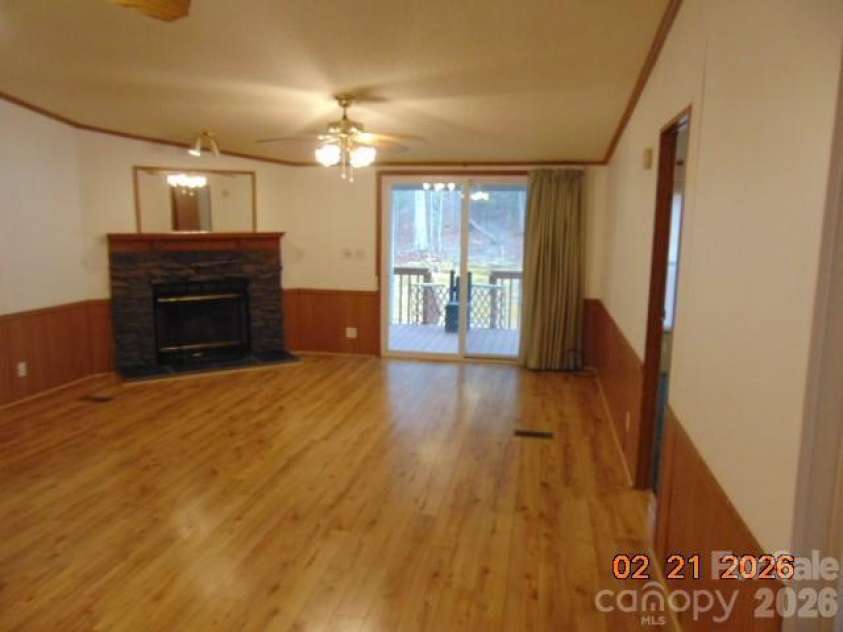2685 Pit Lane, Morganton, NC 28655.  MLS# CAR4349661, YatesRealty ID 5988. Living room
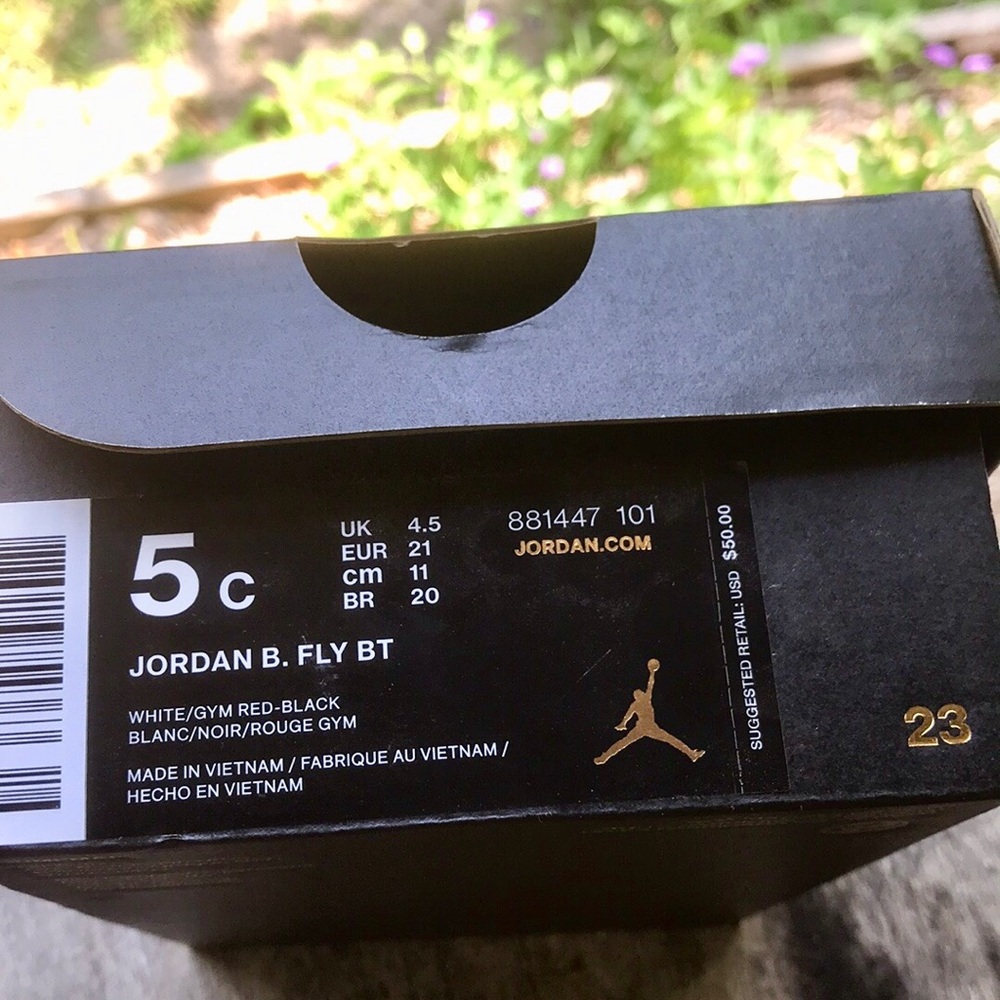 Air Jordan’s size 5c in original box🖤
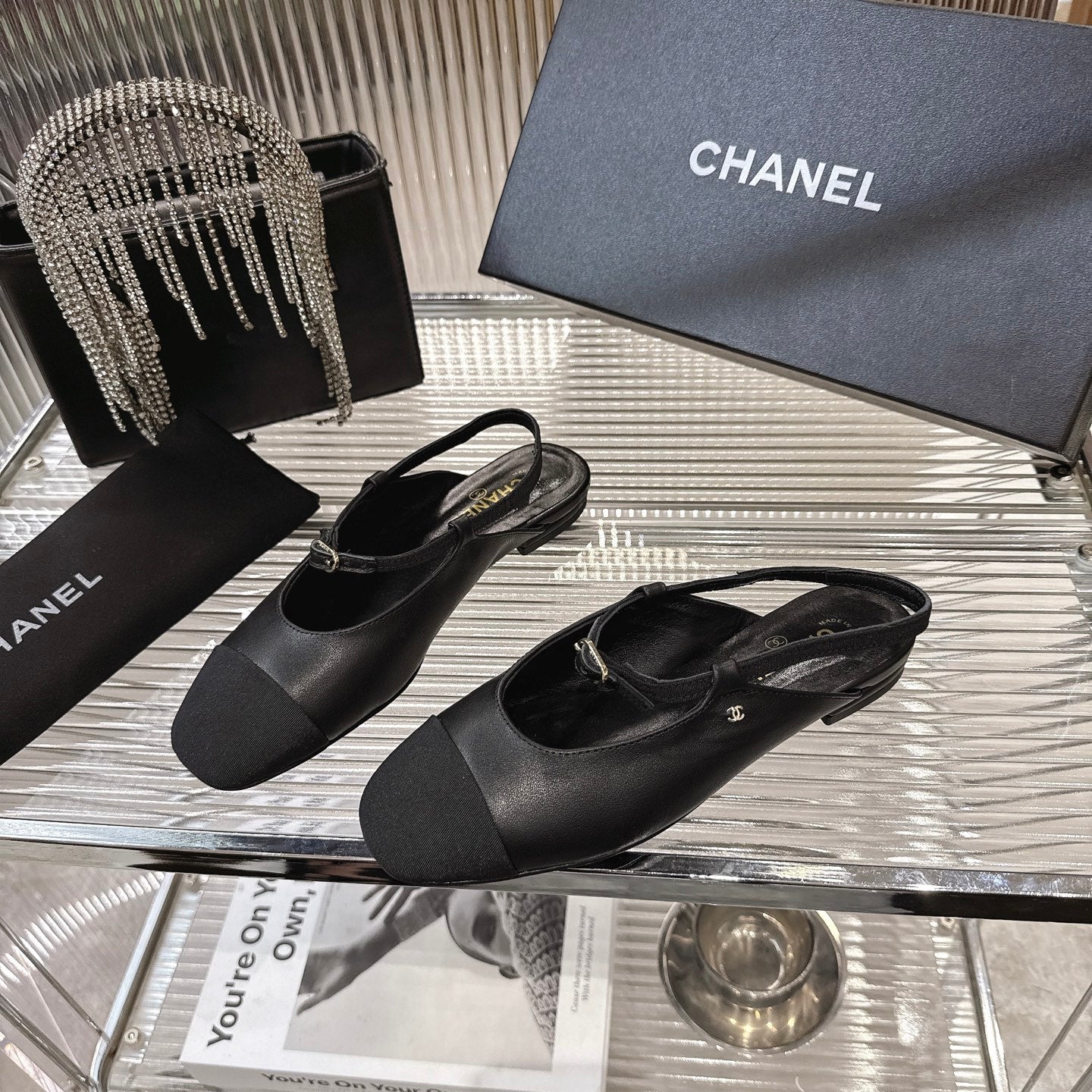 CC 2026 Retro Sandals Black Sheepskin 668076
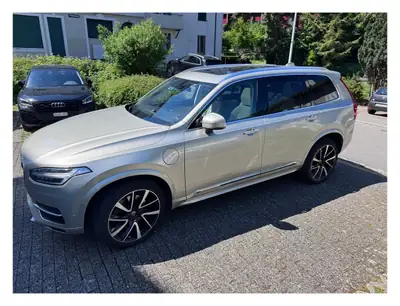 Volvo XC90 T8 Inscription — SUV 7 places hybride rechargeable, 171 000 km — Heckansicht
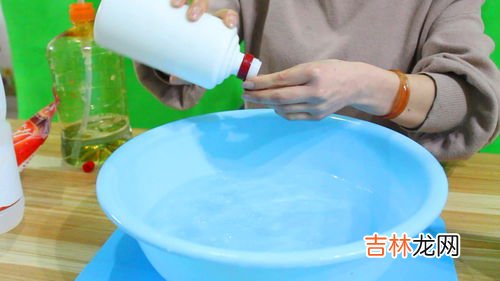 怎么清洁地板不粘灰,地板不沾灰的妙招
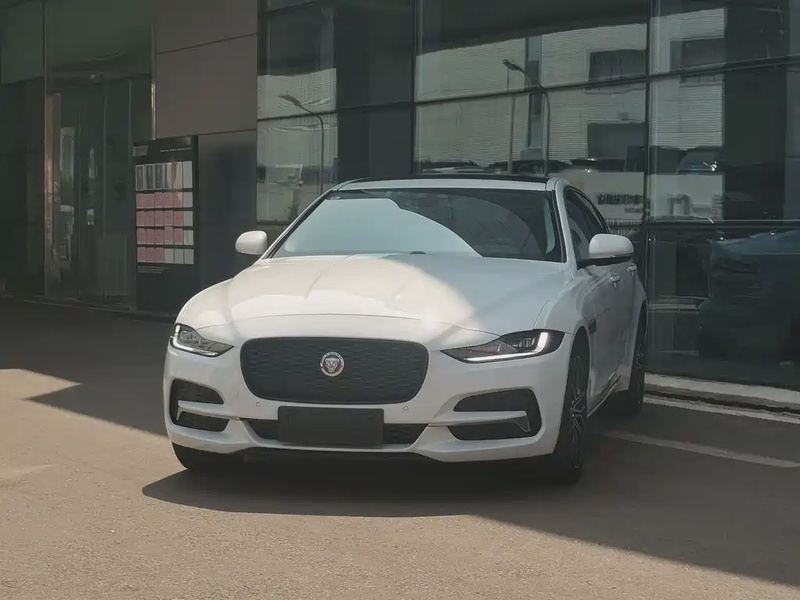 Jaguar XEL
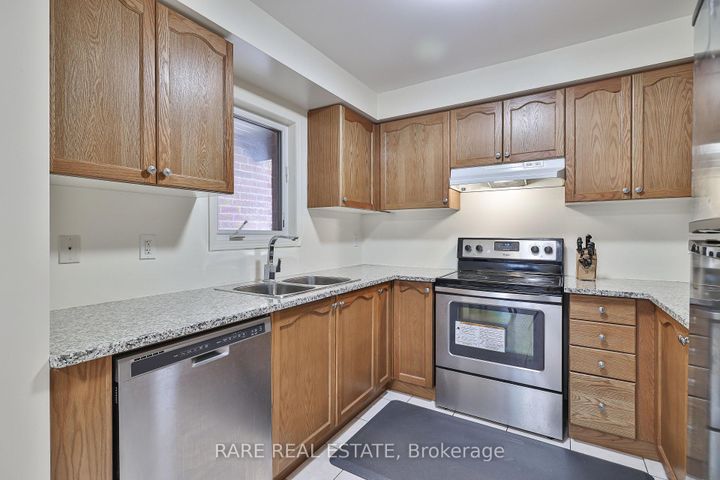 Photo 6 at 34 Judy Sgro Avenue, CFB, Toronto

* **What you are asked to do**:
Leave out every picture, and repeat word for word only the lines from the one holding "Air Jordan’s size 5c in original box🖤" through the end of the entries above, both ends included.

* **Finished exercise**:
 Air Jordan’s size 5c in original box🖤
 CC 2026 Retro Sandals Black Sheepskin 668076
 Volvo XC90 T8 Inscription — SUV 7 places hybride rechargeable, 171 000 km — Heckansicht
 怎么清洁地板不粘灰,地板不沾灰的妙招
 Jaguar XEL
 Photo 6 at 34 Judy Sgro Avenue, CFB, Toronto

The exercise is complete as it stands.